WHAT IS REQUIRED: From the listing below, reproduce exactly the lines starting with the one with "A 20th century peridot and seed pearl brooch" and going on through the one with "722 27th Street, Unit", both ends kept. No picture is copied.

GIVEN RECORDS:
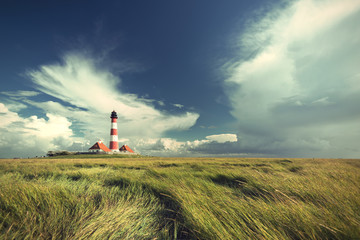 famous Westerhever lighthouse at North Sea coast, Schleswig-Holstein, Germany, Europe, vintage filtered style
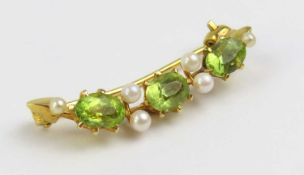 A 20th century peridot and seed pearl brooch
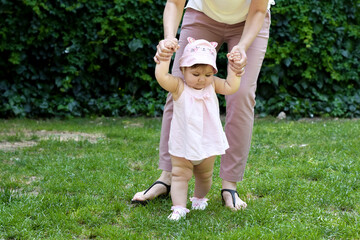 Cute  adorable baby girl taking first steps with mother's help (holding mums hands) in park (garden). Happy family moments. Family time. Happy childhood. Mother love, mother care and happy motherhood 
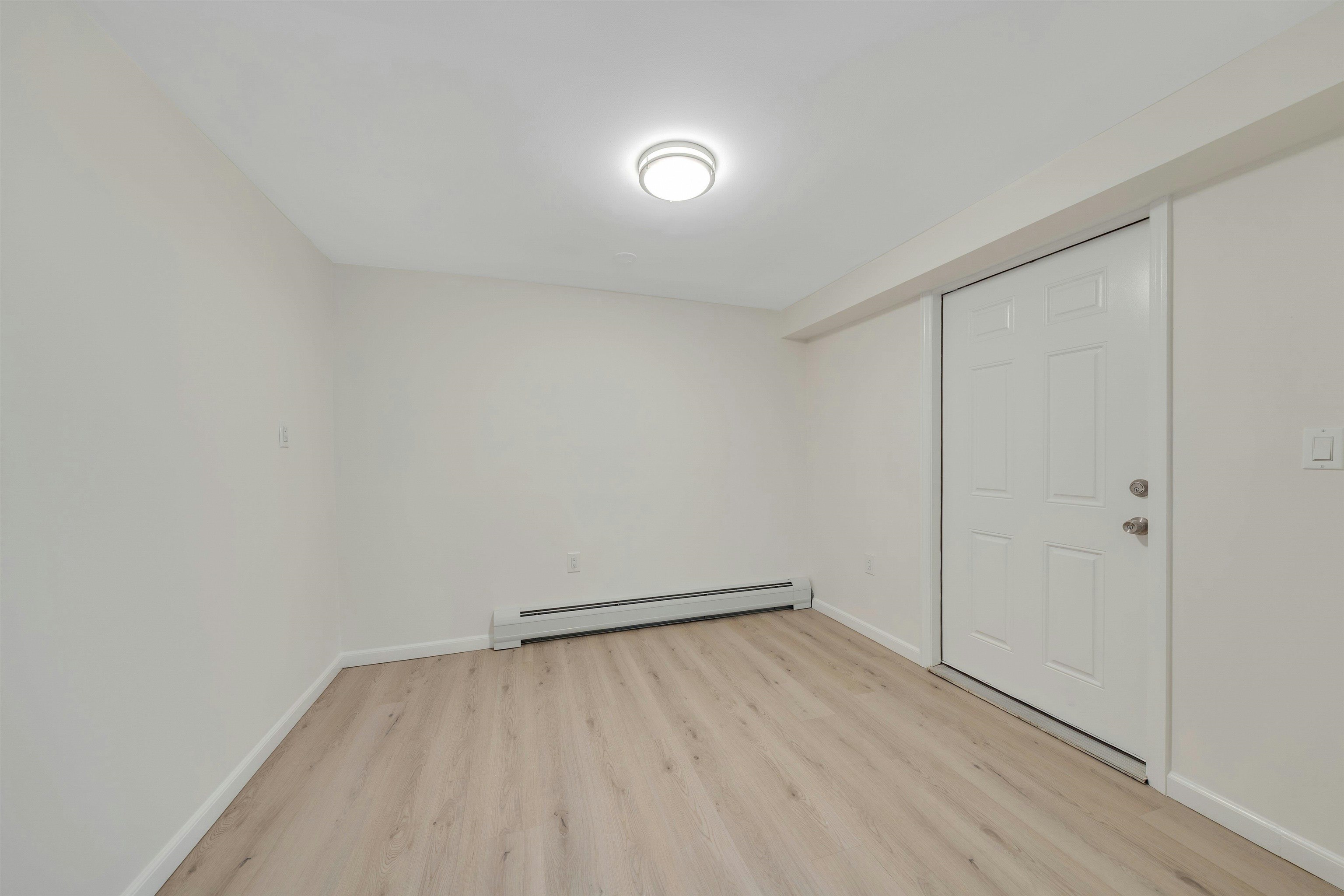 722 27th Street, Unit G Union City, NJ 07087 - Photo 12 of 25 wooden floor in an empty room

==

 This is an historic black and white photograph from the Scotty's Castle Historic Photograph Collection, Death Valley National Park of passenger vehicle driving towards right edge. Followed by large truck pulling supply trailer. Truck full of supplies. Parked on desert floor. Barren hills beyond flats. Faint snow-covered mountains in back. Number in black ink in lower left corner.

--

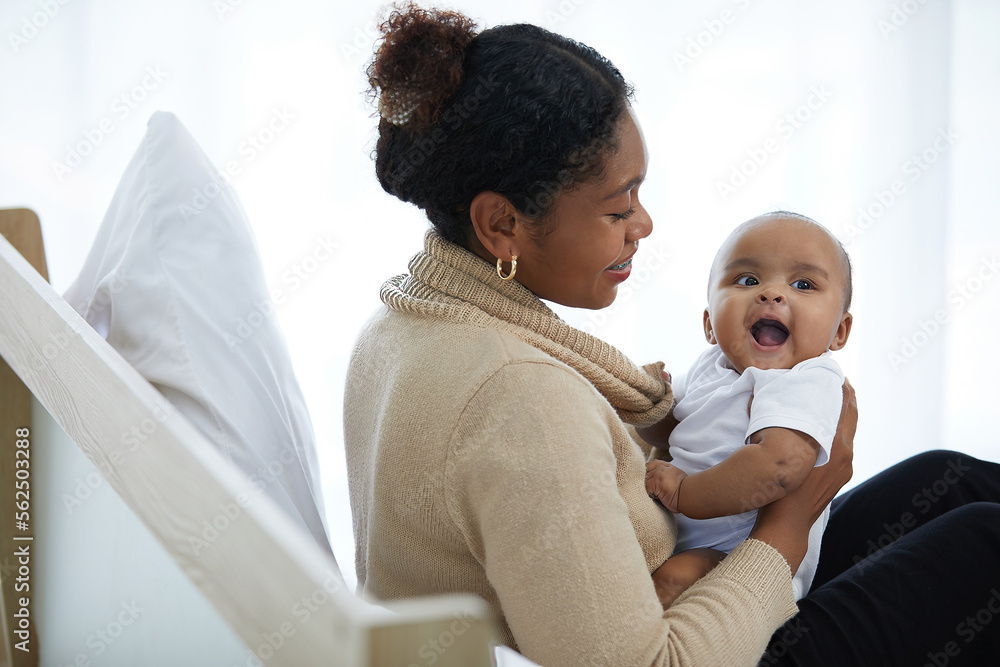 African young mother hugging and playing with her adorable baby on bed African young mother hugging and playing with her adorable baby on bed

ANSWER FOR THIS EXERCISE:
 A 20th century peridot and seed pearl brooch
 Cute  adorable baby girl taking first steps with mother's help (holding mums hands) in park (garden). Happy family moments. Family time. Happy childhood. Mother love, mother care and happy motherhood 
 722 27th Street, Unit G Union City, NJ 07087 - Photo 12 of 25 wooden floor in an empty room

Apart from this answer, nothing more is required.